A report issued last November to the Senate Foreign Relations Committee discussing the failure to capture or kill Osama bin Laden stated that, "On or around Dec. 16 , two days after writing his will, bin Laden and an entourage of bodyguards walked unmolested out of Tora Bora and disappeared into Pakistan's unregulated tribal area. Most analysts say he is still there today." While plausible in theory, juxtapose this statement with remarks made by Defense Secretary Robert Gates just one week later, on Dec. 6. With regard to how long it's been since the United States had any good intelligence on bin Laden's whereabouts, Gates replied, "I think it's been years." Indeed, U.S. CENTCOM Commander Gen. David Petraeus recently stated that, "I think it's very well known that we haven't had hard intelligence on Osama bin Laden not just in months, but in years." If the highest military officials in the United States openly admit to years of lacking intelligence in locating bin Laden, how can most analysts speaking of Pakistan's unregulated tribal areas assert that the terrorist kingpin is still operating there after eight years? In all likelihood, we've been endlessly shooting in the dark hoping for a break, and I think it's time the United States own the narrative in this manhunt.

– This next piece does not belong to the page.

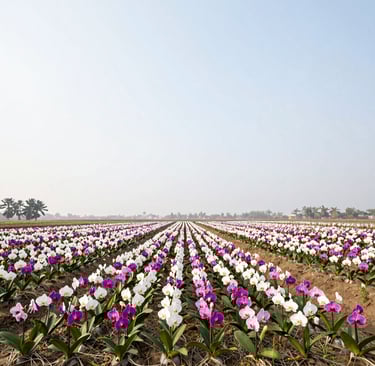 Bright living room with modern inventory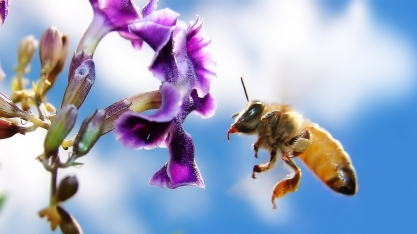 Estado de São Paulo lança projeto de boas práticas agrícolas e proteção à biodiversidade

By declaring bin Laden dead, the United States decapitates the spirit of bin Laden from terrorism discourse and focuses on a diminished and leaderless al Qaeda. His purported death will deal a massive blow to the al Qaeda organization and its' recruiting efforts worldwide. Indeed, the top U.S. commander in Afghanistan Gen. Stanley McChrystal said that we couldn't defeat al Qaeda until bin Laden was either killed or captured. With no reliable intelligence for nearly a decade, the United States is running out of options, and working backward may be our last bet.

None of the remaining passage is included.